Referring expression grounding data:
________________________________________
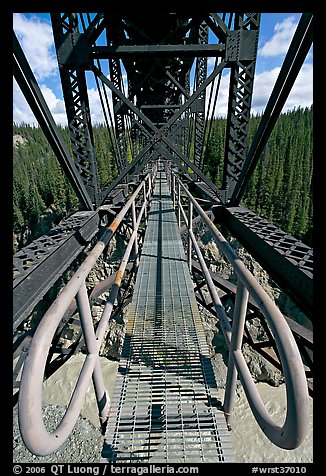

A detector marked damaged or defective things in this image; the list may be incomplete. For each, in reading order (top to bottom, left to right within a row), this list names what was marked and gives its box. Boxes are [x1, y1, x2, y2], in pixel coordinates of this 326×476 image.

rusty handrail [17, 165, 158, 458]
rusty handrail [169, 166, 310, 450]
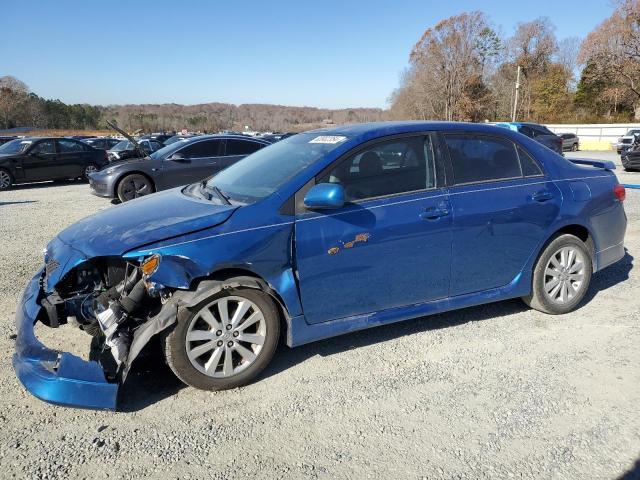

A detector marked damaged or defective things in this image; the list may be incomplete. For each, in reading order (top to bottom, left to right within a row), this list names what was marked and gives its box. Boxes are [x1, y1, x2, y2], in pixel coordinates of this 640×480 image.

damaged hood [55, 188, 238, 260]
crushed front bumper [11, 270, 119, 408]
________________________________________
◆ TASK STATEMENT ◆
Where the line containing "this 640×480 image." appears in the data above, begin there and reproduce every line to the end exactly; include nothing else.

◆ TASK OUTPUT ◆
A detector marked damaged or defective things in this image; the list may be incomplete. For each, in reading order (top to bottom, left to right within a row), this list names what was marked and gives its box. Boxes are [x1, y1, x2, y2], in pixel coordinates of this 640×480 image.

damaged hood [55, 188, 238, 260]
crushed front bumper [11, 270, 119, 408]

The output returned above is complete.